太陽工業株式会社(大阪本社:大阪市淀川区、社長:荒木 秀文、以下、太陽工業)と日立造船株式会社(本社:大阪市住之江区、社長:谷所 敬、以下、日立造船)は、このほど、デザイン性・耐震性・環境負荷の低減に優れた「次世代煙突」を世界に先駆けて完成させました。本煙突は、城南衛生管理組合クリーンパーク折居(所在地:京都府宇治市)において適用されました。
次世代煙突の概要
「次世代煙突」は、従来のごみ焼却施設の煙突に用いられてきた外壁コンクリートやPCパネルに替わり、軽量素材である「フッ素樹脂酸化チタン光触媒膜材」を採用した新工法です。2011年に太陽工業と日立造船の共同で開発がスタートし、国土交通大臣指定性能評価機関である一般社団法人日本膜構造協会(東京都港区、菅原進一代表理事)の技術審査を経て、2013年より販売を開始しました。

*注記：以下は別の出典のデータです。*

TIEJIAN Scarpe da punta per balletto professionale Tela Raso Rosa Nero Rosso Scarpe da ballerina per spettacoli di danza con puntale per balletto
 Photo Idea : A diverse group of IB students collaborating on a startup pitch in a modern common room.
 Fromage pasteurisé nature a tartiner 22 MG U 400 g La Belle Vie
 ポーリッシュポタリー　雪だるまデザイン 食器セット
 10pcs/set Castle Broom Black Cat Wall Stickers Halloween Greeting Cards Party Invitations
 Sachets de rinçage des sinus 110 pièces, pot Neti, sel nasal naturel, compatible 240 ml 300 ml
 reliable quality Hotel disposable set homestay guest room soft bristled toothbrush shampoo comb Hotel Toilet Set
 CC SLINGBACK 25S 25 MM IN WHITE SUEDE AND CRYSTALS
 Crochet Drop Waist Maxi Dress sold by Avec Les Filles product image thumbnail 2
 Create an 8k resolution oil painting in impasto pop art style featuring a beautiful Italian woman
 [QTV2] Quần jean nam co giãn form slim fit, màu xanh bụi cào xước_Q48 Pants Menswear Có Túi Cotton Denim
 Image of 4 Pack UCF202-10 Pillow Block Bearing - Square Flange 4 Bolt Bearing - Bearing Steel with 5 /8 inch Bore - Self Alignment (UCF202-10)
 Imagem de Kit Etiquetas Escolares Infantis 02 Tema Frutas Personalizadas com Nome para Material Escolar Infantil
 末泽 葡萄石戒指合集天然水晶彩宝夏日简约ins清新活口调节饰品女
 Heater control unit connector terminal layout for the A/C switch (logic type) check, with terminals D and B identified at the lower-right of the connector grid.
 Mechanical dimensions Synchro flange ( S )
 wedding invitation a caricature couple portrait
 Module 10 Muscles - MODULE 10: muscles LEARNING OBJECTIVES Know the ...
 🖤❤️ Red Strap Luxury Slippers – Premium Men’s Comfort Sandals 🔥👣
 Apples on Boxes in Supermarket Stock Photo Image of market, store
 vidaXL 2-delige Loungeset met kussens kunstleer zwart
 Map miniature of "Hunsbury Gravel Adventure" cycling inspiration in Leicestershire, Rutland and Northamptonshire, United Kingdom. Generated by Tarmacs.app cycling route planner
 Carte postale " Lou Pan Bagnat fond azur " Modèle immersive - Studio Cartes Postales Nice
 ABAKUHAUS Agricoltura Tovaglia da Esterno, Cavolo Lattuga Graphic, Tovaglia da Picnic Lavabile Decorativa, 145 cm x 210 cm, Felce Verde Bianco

1枚の膜パネルで大面積を覆うことができ、取り付け作業も内部から行うことで工期短縮を実現します。また、膜材を透過した光が煙突内部の空間に明るさをもたらしてメンテナンス時の作業性向上を実現し、さらには外壁塗装が不要なため、維持管理コストの低減にも繋がります。
次世代煙突の特長
【デザイン性】
膜構造のため、柔軟に形状をデザインでき、夜間にはLEDイルミネーションによるライティングで、デザインタワーとして地域の景観を豊かにすることが可能です。
【耐震性】
膜材料による大幅な軽量化を実現していることから、耐震性の向上を図ることができます。
風・地震の際の揺れに膜素材の特性で追従できます。
【環境負荷の低減】
大気中に含まれる窒素化合物(NOx)を酸化チタン光触媒膜材で分解します。
このように周囲の環境を浄化するだけでなく、有機物である汚れも分解して雨で洗い流すセルフクリーニング効果で白さを保ちます。
今後の方針
煙突外壁に膜構造を用いた「次世代煙突」にすることで、耐震性や施工性が向上し、さらに豊かなデザイン性が採用施設のイメージ刷新に繋がり、地域のランドマーク化を可能にします。太陽工業と日立造船は、「次世代煙突」を通じて、より安全で魅力ある社会の実現に積極的に貢献していく所存です。
太陽工業と日立造船について
太陽工業は、大型膜構造建築物メーカーとして、国内では東京ドーム(東京都文京区)や長居陸上競技場(大阪市東住吉区)をはじめ、海外の大型スポーツ施設などの屋根膜など様々な分野・用途に展開される膜構造の設計・施工等を行っています。
日立造船は、都市ごみ焼却発電施設や火力発電所向けなどに鉄筋コンクリート製煙突や鋼製煙突を400本以上納めており、煙突の設計・製作・施工において国内トップレベルの実績と技術を有しています。